··· Material for the task
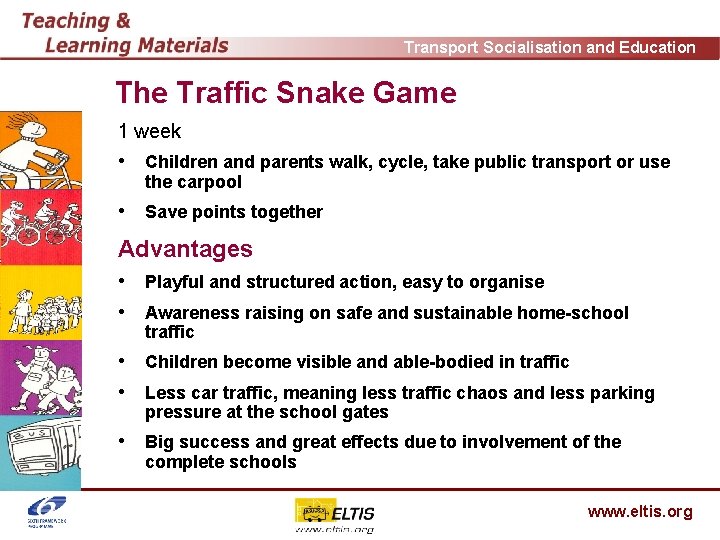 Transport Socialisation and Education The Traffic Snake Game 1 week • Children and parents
······
··· Material for the task
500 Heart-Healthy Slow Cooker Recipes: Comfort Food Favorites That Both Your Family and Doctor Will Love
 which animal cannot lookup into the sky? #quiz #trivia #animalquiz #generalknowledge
······
Activity |
With the line holding "500 Heart-Healthy Slow" as the first and the line holding "which animal cannot" as the last, set down that range of the entries above exactly, and nothing else.

Answer section |
500 Heart-Healthy Slow Cooker Recipes: Comfort Food Favorites That Both Your Family and Doctor Will Love
 which animal cannot lookup into the sky? #quiz #trivia #animalquiz #generalknowledge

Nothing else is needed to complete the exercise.